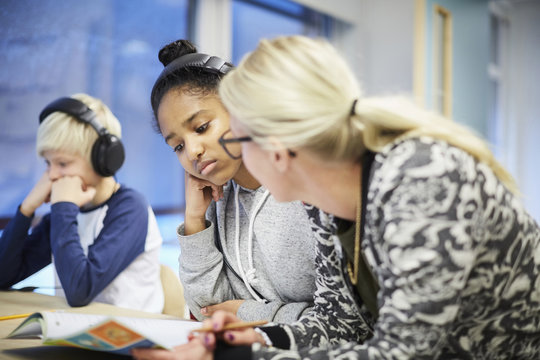 Girl wearing headphones while listening to teacher in classroom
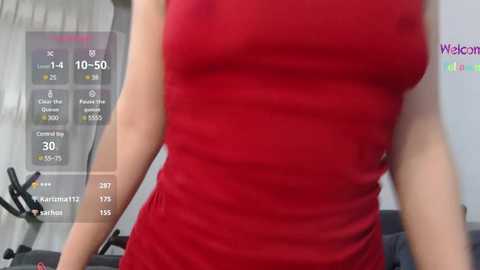 Media: Video of a woman wearing a tight, sleeveless red dress, standing in a modern gym with a virtual reality headset overlay showing fitness stats and progress.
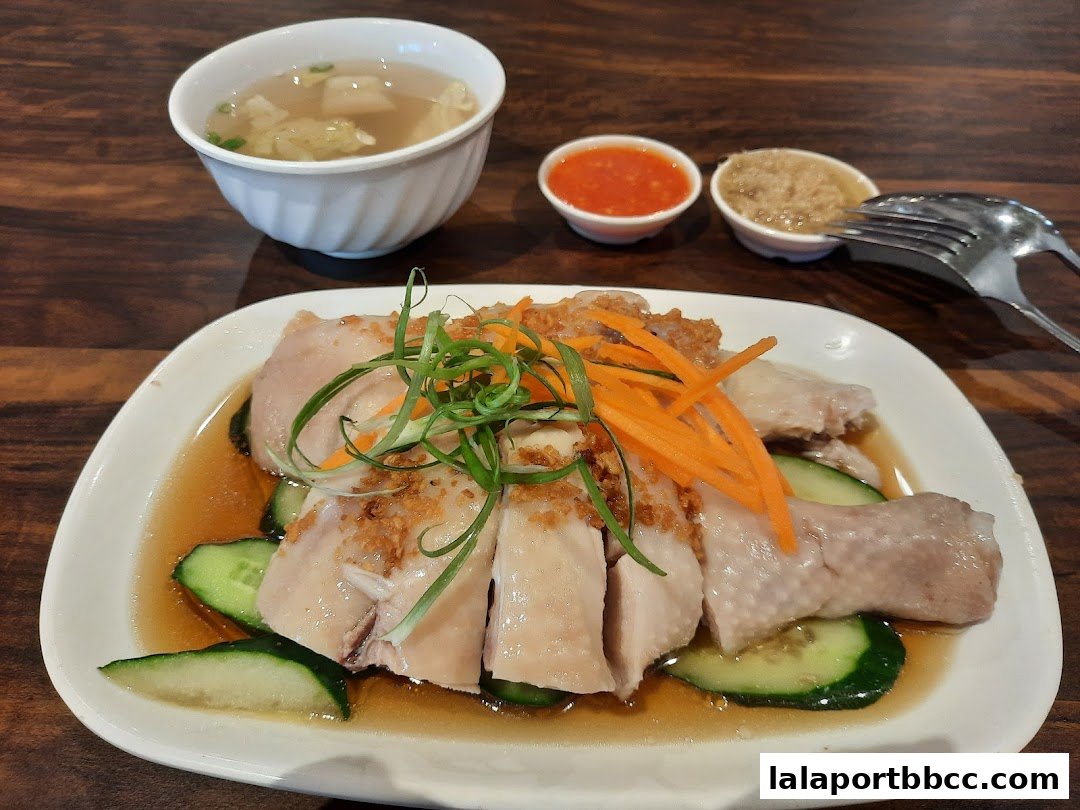 A plate of delicious chicken rice with soup and chili sauce, garnished with cucumber and carrots.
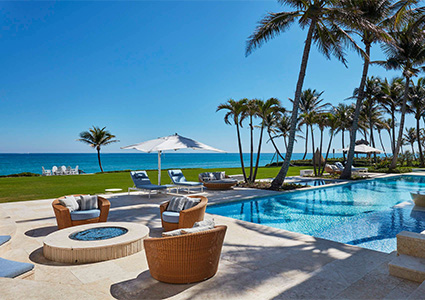 the pool area of a luxurious oceanfront mansion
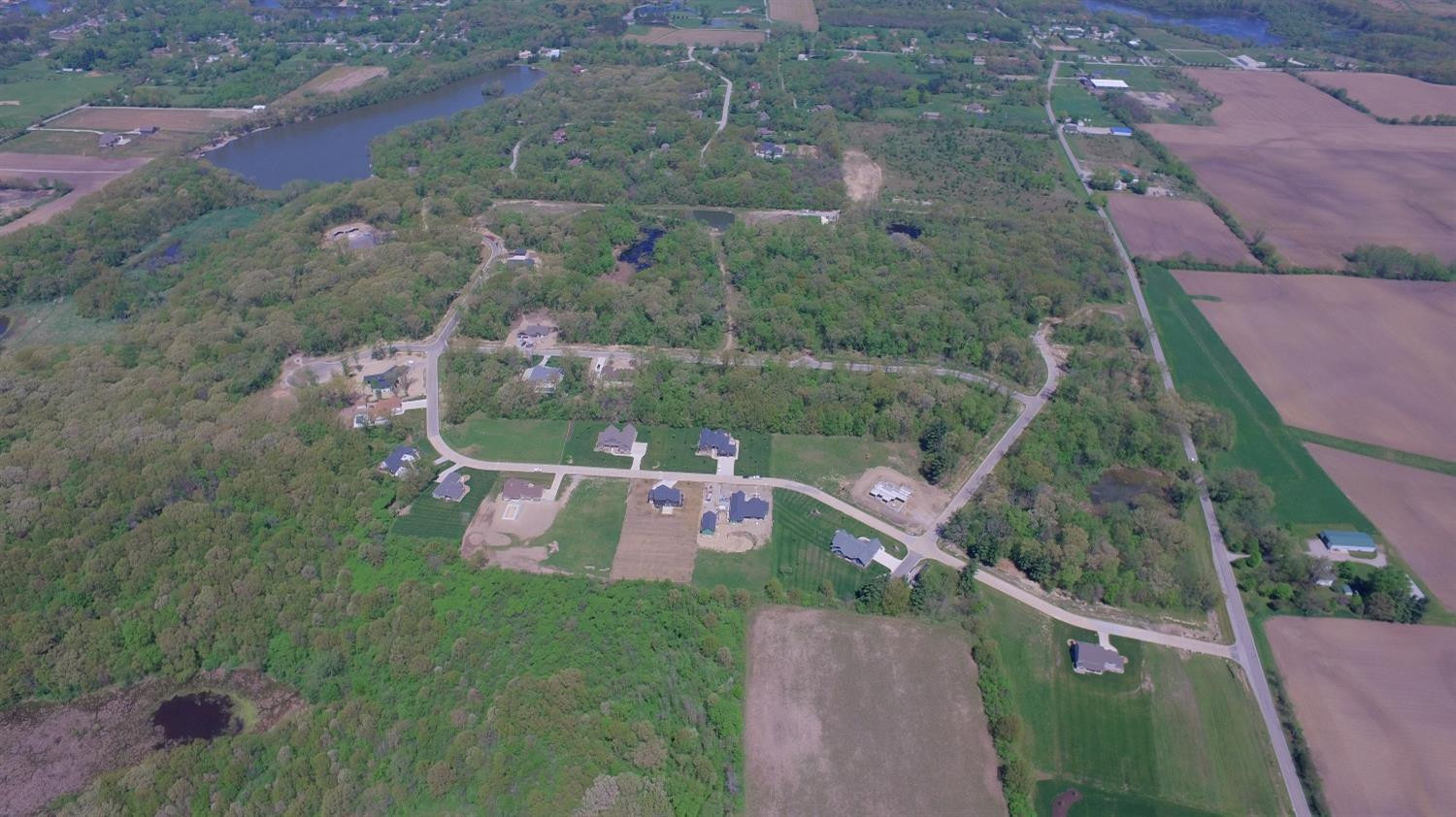 77 Noble Street Lowell, IN 46356 - Photo 2 of 4 an aerial view of house with outdoor space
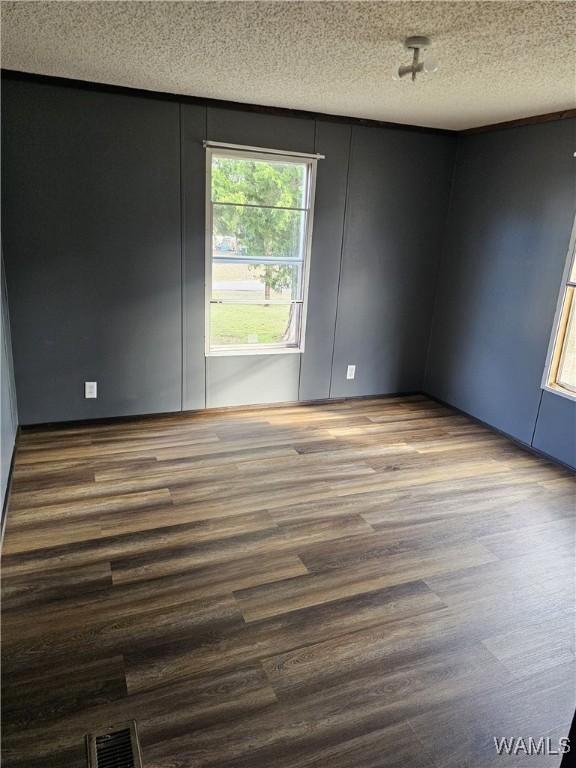 spare room featuring hardwood / wood-style floors and a textured ceiling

**PROBLEM DETAILS**: An exact restatement of the entries above is needed; no picture may appear in it.

**TASK RESULT**:
 Girl wearing headphones while listening to teacher in classroom
 Media: Video of a woman wearing a tight, sleeveless red dress, standing in a modern gym with a virtual reality headset overlay showing fitness stats and progress.
 A plate of delicious chicken rice with soup and chili sauce, garnished with cucumber and carrots.
 the pool area of a luxurious oceanfront mansion
 77 Noble Street Lowell, IN 46356 - Photo 2 of 4 an aerial view of house with outdoor space
 spare room featuring hardwood / wood-style floors and a textured ceiling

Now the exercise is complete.